- WHAT IS BEING ASKED
Reproduce the closing run of lines below verbatim, from the line that contains "Patricia Breen Journey" up to and including the final line.

----------------

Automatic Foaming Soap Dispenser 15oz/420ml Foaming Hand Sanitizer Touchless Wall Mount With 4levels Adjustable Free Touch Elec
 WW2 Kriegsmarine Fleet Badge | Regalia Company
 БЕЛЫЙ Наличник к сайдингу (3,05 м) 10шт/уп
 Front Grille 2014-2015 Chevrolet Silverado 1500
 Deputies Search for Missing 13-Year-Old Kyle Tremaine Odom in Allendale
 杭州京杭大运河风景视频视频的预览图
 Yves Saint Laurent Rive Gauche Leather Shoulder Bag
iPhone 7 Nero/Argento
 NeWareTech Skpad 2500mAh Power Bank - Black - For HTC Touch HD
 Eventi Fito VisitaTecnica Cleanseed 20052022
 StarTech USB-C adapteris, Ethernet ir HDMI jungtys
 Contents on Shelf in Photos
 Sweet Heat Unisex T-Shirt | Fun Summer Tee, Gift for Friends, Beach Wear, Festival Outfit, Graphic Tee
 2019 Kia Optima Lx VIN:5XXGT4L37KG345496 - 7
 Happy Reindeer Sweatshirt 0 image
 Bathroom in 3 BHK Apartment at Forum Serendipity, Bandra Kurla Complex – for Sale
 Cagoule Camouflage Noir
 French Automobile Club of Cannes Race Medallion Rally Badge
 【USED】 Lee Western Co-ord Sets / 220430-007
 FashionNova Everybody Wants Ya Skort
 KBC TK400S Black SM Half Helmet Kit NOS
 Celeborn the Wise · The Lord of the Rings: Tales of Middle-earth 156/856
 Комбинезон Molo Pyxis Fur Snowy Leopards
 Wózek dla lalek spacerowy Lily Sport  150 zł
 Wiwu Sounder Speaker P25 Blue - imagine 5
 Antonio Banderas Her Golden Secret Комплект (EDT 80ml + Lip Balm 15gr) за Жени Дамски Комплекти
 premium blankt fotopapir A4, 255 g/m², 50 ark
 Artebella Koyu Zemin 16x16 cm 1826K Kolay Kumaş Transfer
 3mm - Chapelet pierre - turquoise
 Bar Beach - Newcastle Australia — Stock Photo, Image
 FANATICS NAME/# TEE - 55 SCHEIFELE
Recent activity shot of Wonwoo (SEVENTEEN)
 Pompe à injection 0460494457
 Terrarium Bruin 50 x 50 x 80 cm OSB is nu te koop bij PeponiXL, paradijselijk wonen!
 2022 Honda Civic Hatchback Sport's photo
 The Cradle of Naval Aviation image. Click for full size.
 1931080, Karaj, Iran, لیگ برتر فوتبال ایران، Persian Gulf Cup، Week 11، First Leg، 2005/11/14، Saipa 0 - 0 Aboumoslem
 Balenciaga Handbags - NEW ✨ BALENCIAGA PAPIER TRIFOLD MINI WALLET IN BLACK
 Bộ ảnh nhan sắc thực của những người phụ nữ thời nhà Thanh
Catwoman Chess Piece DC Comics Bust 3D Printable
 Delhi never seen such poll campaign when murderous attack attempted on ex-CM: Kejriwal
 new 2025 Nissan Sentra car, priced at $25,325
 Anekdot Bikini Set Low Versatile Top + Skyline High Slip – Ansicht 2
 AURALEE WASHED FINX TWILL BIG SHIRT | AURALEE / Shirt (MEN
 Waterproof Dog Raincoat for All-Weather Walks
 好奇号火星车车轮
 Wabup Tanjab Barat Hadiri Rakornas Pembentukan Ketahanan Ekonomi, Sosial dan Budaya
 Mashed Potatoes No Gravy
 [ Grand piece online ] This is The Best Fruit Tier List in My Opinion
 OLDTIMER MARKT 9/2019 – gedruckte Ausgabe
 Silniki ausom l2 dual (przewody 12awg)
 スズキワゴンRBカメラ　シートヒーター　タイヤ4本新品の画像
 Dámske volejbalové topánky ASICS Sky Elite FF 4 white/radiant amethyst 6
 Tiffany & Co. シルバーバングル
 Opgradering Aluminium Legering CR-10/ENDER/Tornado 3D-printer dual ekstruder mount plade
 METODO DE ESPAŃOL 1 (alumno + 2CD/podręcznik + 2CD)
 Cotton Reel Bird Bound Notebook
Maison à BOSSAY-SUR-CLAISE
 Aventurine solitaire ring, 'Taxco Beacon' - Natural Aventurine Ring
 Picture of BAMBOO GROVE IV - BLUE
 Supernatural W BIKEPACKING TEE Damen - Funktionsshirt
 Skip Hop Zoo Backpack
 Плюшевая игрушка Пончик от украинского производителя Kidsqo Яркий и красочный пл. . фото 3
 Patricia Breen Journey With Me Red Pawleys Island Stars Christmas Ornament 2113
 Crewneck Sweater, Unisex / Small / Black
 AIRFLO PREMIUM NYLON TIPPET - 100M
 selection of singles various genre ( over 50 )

----------------

- RESPONSE TO THIS TASK
 Patricia Breen Journey With Me Red Pawleys Island Stars Christmas Ornament 2113
 Crewneck Sweater, Unisex / Small / Black
 AIRFLO PREMIUM NYLON TIPPET - 100M
 selection of singles various genre ( over 50 )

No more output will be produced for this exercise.